The topic of speeding up websites deployed using the Drupal content management system is a well traveled and rich literary landscape. In fact, search the internet for a variety of performance topics, both Drupal specific and more generic and you will find dozens of articles offering advice, techniques and all too often sympathy for your plight. Unfortunately, the wealth of conversation on the topic is a pretty good indication of the need to get information about making Drupal perform. Two of the most common pieces of advice involve the number of modules (low), and the complexity of the design (modest). This is very useful advice, except in those situations where it cannot apply. Sometimes stakeholders in a site, whether they be partners or clients, require complex sites with complex functionality. In such cases, what is the best strategy for employing Drupal?
The key to staying on top of this issue is to spread out, or distribute, the impact that the site has on the application, on your server(s) and bandwidth, and on the user’s browser. Each component of the system – database, web server and browser – should be taken into account and, wherever possible, functionality should be designed in such a way to minimize its impact on each page load.
Considering the above, then the first directive is an obvious one. AJAX is your friend. In a complex website, much will need to be rendered on a page, which has an impact on both the server and the user experience. However, there is no guarantee that on each page load, all of the available logic will need to be executed. Clearly, if you have a mouseover preview on a list of news items, most users will not need or want to see every preview. So, why generate the HTML, with the attendant queries, server-side processing, bandwidth drain and load time on every page load? This is especially true of pages with complex layout, which, in addition to having large style sheets, generate large amounts of HTML. The amount of HTML being sent can easily become excessive, so deferring this until a user actually clicks on something, or mouses over something, can greatly reduce the load time of a page.
The one caveat with using AJAX involves search engines. Content delivered by AJAX requires a user’s interaction before it shows up on a page and therefore it is effectively hidden from external search engines. An effective strategy for addressing this is to make sure that all AJAX content on the site is also delivered in dedicated pages somewhere on the site. For example, if you have a list of relevant blog or forum entries on the home page of your site, these can be delivered by AJAX (in a tabbed interface, for example) if there is a page in the site that lists all of the forum topics.

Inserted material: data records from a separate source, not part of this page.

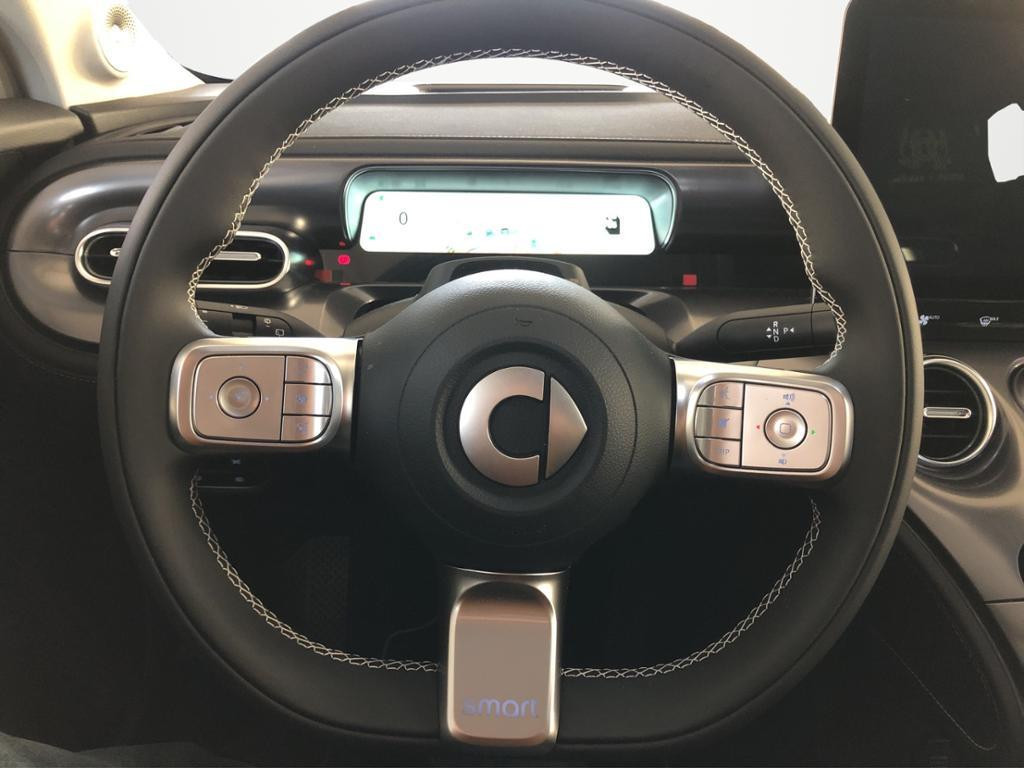 Smart #3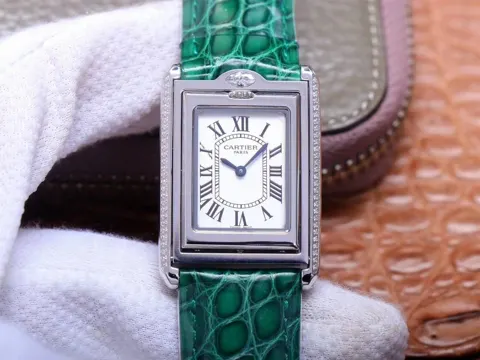 Cartier Tank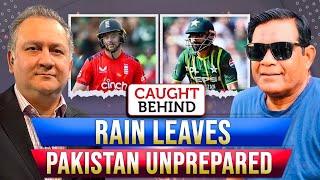 Rain Leaves Pakistan Unprepared  Caught Behind [upl. by Anirad66]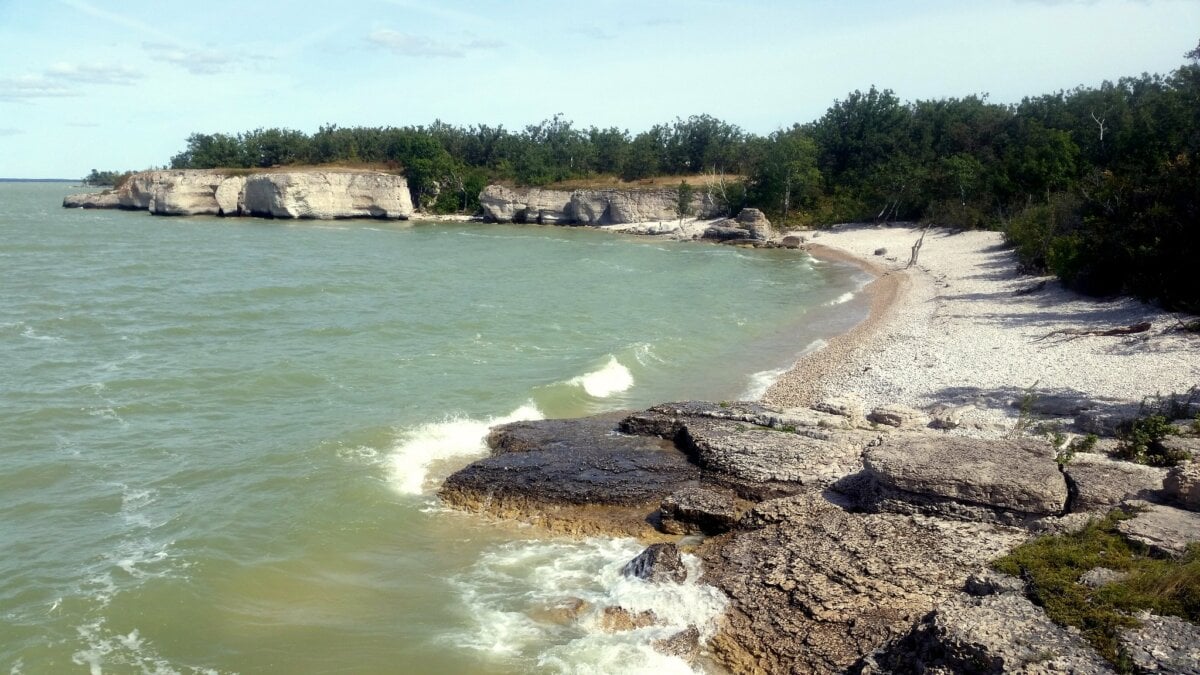 10 Reasons to Visit Steep Rock, Manitoba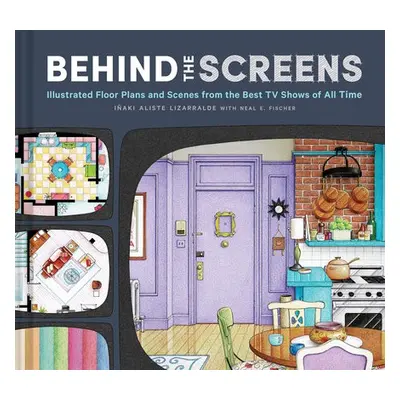 Behind the Screens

As long as the “only” way to access the content is not AJAX based, you will be OK.
GZip/LZip HTTP compression is another simple way to enhance the speed and performance of your website. While it actually does marginally increase server load by requiring additional processing of the outgoing content stream, this load is more than offset by the reduced transmission time required to send each page to the end user. As all modern browsers are capable of handling compressed data streams, and it’s pretty simple to enable on the server side (provided you have access to do so on your server), it’s an easy win.

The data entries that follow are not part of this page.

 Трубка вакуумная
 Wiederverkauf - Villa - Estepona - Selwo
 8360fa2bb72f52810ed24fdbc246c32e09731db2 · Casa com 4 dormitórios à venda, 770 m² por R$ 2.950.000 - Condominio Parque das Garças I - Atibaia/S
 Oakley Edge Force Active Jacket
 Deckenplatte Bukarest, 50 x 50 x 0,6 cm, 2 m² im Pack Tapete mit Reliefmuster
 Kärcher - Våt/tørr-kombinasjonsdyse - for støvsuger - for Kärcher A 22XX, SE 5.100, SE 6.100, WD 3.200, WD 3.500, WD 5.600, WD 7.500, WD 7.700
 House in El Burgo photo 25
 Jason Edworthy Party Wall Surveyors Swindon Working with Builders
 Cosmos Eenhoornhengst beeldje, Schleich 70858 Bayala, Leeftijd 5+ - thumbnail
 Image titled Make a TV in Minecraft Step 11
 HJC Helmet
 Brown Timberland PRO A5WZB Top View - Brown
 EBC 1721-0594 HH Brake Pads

Next, given the built-in user system of Drupal, and that we are supposing a complexly constructed application, it is probable that your application will contain both a logged in, and a not logged in state. If you are not using a clustered web server setup, our recommendation is to split these applications on to two separate URLs that are hosted using different web servers (but use the same database). There are a couple of advantages that such a setup gives you. First, by default you will spread out the load over two different servers. Second, it is probable that your logged-in users are a smaller group of users than the anonymous users, but that they use the more complex functions in the site, like forums and blogs and comments, etc. By moving their more robust usage into their own sandbox you ensure that they have the resources they will need. Third, since your anonymous users will have no content that is dynamically generated and personally specific, you can use full page caching on the anonymous server. This provides a huge benefit when search bot/indexer traffic is factored into the overall traffic of the site (all of which will be as an anonymous user). On a moderately popular site, at any given time a dozen indexers can be on the site, and if you use a client-side site monitoring system like HBX, you may not have known about them, as they will not show up in those traffic reports – bots don’t execute JavaScript. Unfortunately, some of these bots will obey the directives in the robots.txt better than others, so having a plan to account for them is essential. Full page caching can play a big part in this. Fortunately, Drupal has a robust full-page caching mechanism right out of the box, and enabling it is a simple, easy way to enhance your site’s delivery.
Caching in general is another essential area that very dramatically makes what is essentially an unusable site, usable. In addition to the standard full page and block level caching modules available to you, Drupal also allows programmers to set their own caching on content, on a level that’s as fine-grained as desired. We used this extensively on our community content modules, caching the content of every tab, individually, then serving those tabs with AJAX. The payoff on this setup was enormous. It also allows us to set different expiration times on the different content blocks, refreshing the “most recent” content more frequently than the top or view all tabs.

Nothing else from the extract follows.